Atwell explained that she had no relationship with Allen, who she described as "fine but bizarre." She went on to describe "Cassandra's Dream" as a great opportunity, and she was ignorant of the allegations previously made against Allen at the time. "Would I work with him now"? No. And I stand in solidarity with his daughter and offer an apology to her if my contribution to his work caused her suffering or made her feel dismissed in any way. It's exciting that I can say this now, and I'm not going to be blacklisted."

Drew Barrymore

An offspring of Hollywood royalty, Drew Barrymore has been a household name since she played Gertie Taylor in "E.T. the Extra-Terrestrial." She has acted continuously since, throughout her childhood and into some wild years, yielding an extremely busy career on both sides of the camera. These days, Barrymore hosts "The Drew Barrymore Show" and continues producing through her production company Flower Films.

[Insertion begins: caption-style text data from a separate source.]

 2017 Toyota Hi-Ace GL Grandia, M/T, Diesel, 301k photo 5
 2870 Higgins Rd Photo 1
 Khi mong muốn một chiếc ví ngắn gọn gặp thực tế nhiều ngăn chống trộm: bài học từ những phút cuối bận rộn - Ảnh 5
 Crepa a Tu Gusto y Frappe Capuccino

Over the years, Barrymore has had the opportunity to work with many of Hollywood's greatest filmmakers, including Steven Spielberg, Wes Craven, and of course, Allen. Barrymore appeared in 1996's "Everyone Says I Love You," which is Allen's only musical. In the film, Barrymore plays Skylar Dandridge, but she did not record her own music. In his review of the film, Roger Ebert wrote that Barrymore "just plain can't sing" and was the only cast member to be dubbed.

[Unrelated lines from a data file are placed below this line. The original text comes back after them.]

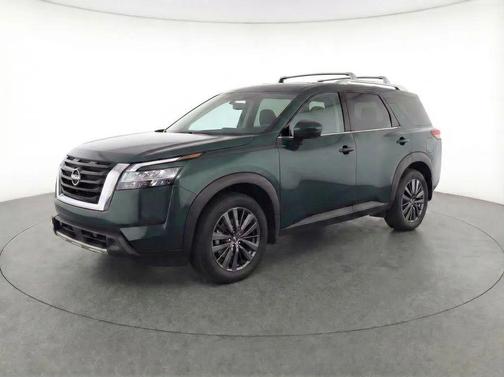 2024 Nissan Pathfinder SL 4WD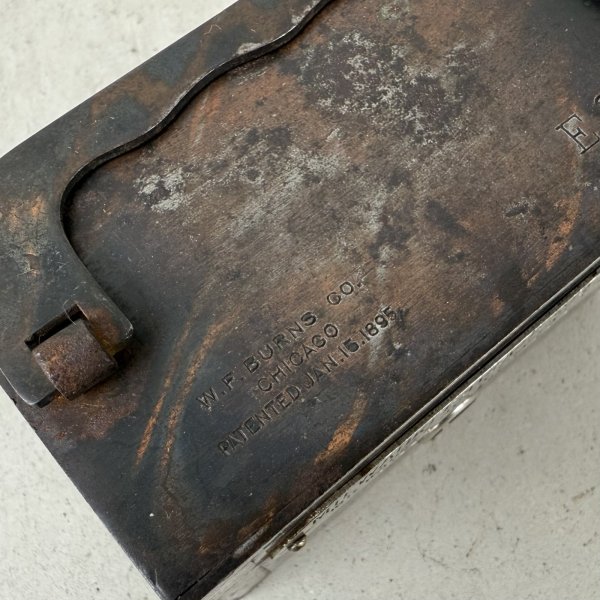 画像8: VINTAGE ANTIQUE COIN BANK JAPANNED W.F.BURNS CO. ヴィンテージ アンティーク コインバンク マネーバンク 貯金箱 ジャパンド ジャパンフィニッシュ / コレクタブル オブジェ インテリア ノベルティー 銀行 アメリカ USA (3) (8)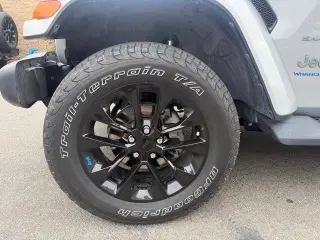 Jeep Wrangler 2023 4x4 High Altitude 4xe 4dr SUV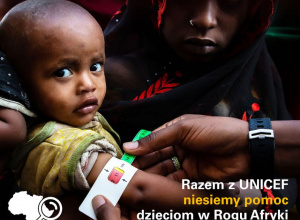Napis: „Razem z UNICEF niesiemy pomoc dzieciom z Rogu Afryki”.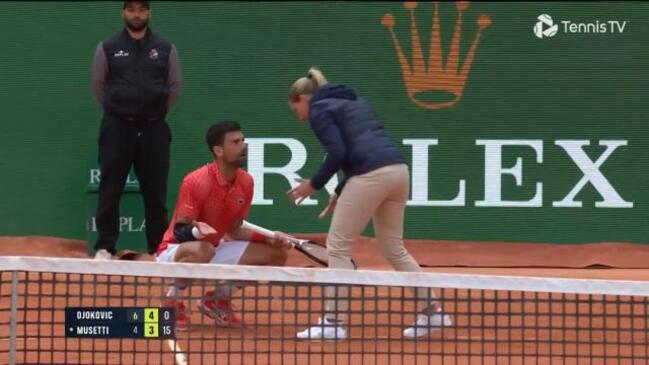 Crowd boos Djokovic… even though he’s right!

In 2021, Barrymore had Dylan Farrow on her show, and she explained that "There was no higher career calling card than to work with Woody Allen. Then I had children, and it changed me because I realized that I was one of the people who was basically gaslit into not looking at a narrative beyond what I was being told" (via Variety).

Peter Sarsgaard

Peter Sarsgaard's long career has placed him in a ton of movies both big and small; he first appeared in "Dead Man Walking" in 1995 and followed up that performance with numerous blockbuster films. He played the bad guy in "Green Lantern," the district attorney in "The Batman," and much more. He's been lauded for his performances and has the trophies to prove it, having received several awards and nominations, including those from the Golden Globes, Critics Choice Awards, and others.

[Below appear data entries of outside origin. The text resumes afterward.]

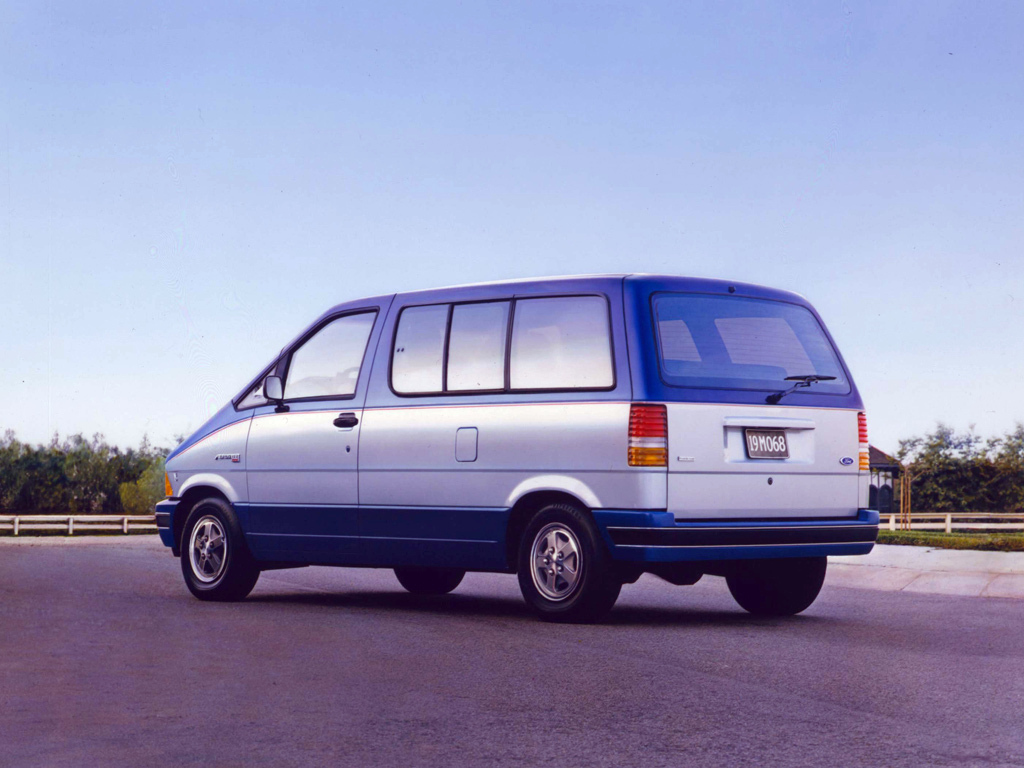 FORD AEROSTAR - La recette américaine du minivan.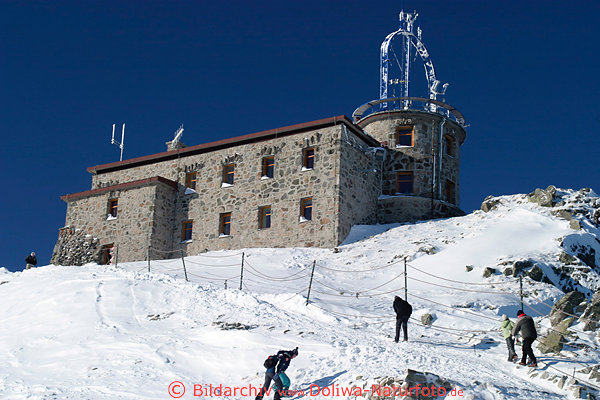 Wetterstation Kasprowy Wierch Gipfelhaus in 1987m Hhe Wandersteig Foto mit Touristen
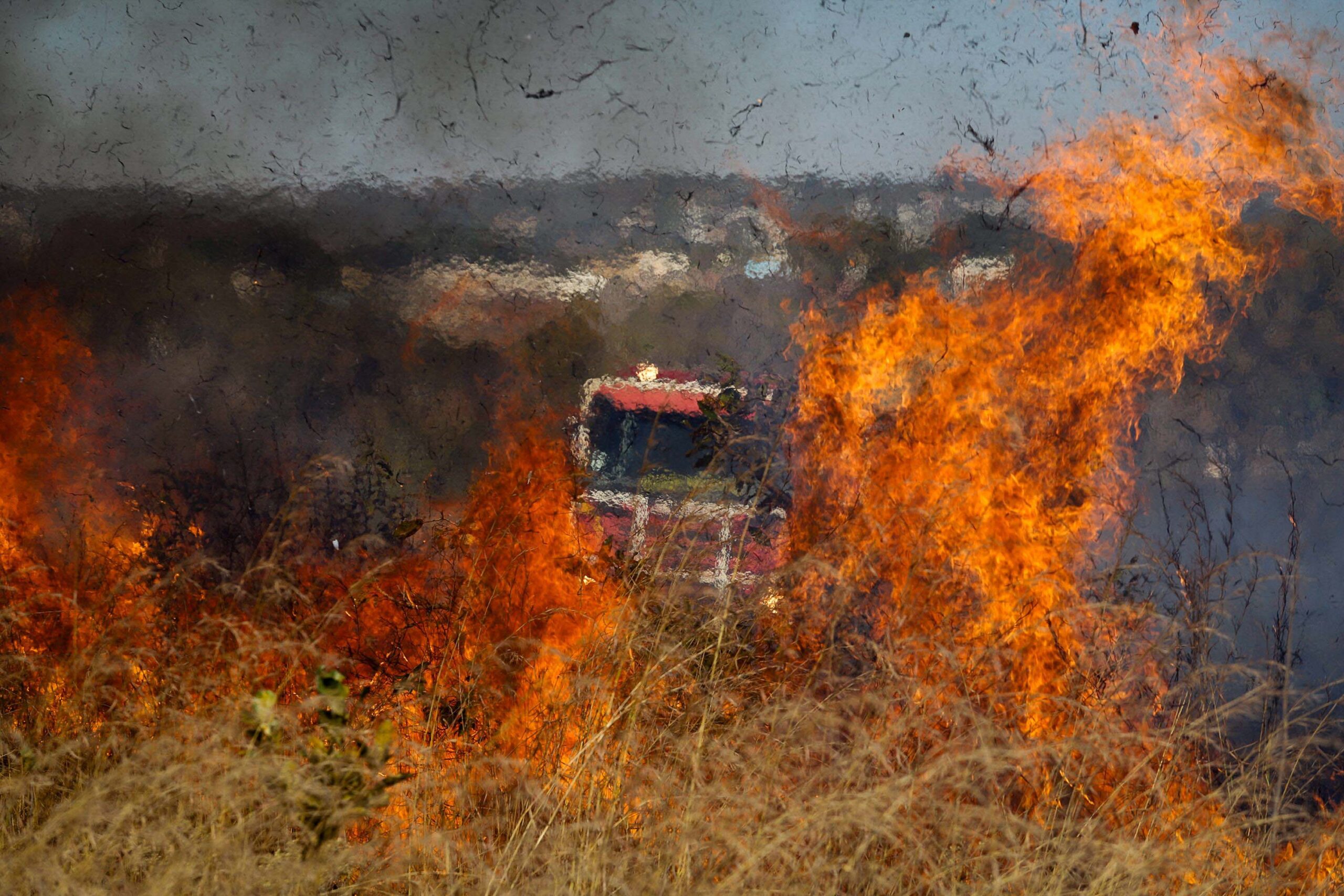 Incêndio no cerrado próximo à Fundação Oswaldo Cruz, UnB, na L3 Norte. Bombeiros e brigadistas do Brasília Ambiental e controlaram o fogo incêndio época de seca Metrópoles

One of his many impressive film credits includes "Blue Jasmine" in 2013. The Woody Allen film features Sarsgaard as Dwight Westlake, a wealthy widower who woos the eponymous Jasmine (Cate Blanchett, who won an Oscar for her performance). The film did well and certainly benefited Sarsgaard's career, but he wouldn't work again with Allen (who was Oscar-nominated himself for the "Jasmine" script) if given a chance. 

Sarsgaard spoke with Chuck Todd on "Meet the Press" in 2019 and was asked if he would work with Allen in the future. "I believe people when they say 'I was assaulted' or 'I was molested' or something like that because I don't think you really have any other choice. Because if we start not believing people, it's a slippery slope." Sarsgaard went on to say that although he'd already done an Allen film, he wouldn't work with him again (via People).

Evan Rachel Wood

Evan Rachel Wood began acting in the late 1990s, earning praise for her performances in "Practical Magic" and "Thirteen." She's since appeared in numerous high-profile films, including "Across the Universe" and "Weird: The Al Yankovic Story," in which she played Madonna. Wood isn't just a talented actress; she's also an accomplished singer. Wood is also no stranger to the small screen, playing leading roles in "Once and Again" and "Westworld," among others.

One of Wood's film credits is Woody Allen's "Whatever Works." The film starred Larry David and was written and directed by Allen. In the movie, Wood played Melody, a young runaway who forms a romantic attachment to David's Boris (a man 40 years her senior). That disparity earned Allen's film another EDA Special Mention Award from the Alliance of Women Film Journalists for most egregious age difference between the leading man and the love interest.

During a 2016 interview with Rolling Stone, Wood disclosed that she was the victim of sexual assault twice in her life. She shared what she called her "confession letter" in a now-deleted tweet. While she didn't mention Allen in her letter, a fan pointed out that she had worked with him, to which she replied, "That was years before I read Dylan's letter. Unfortunately, I can't say that I would again" (via BRIT+CO).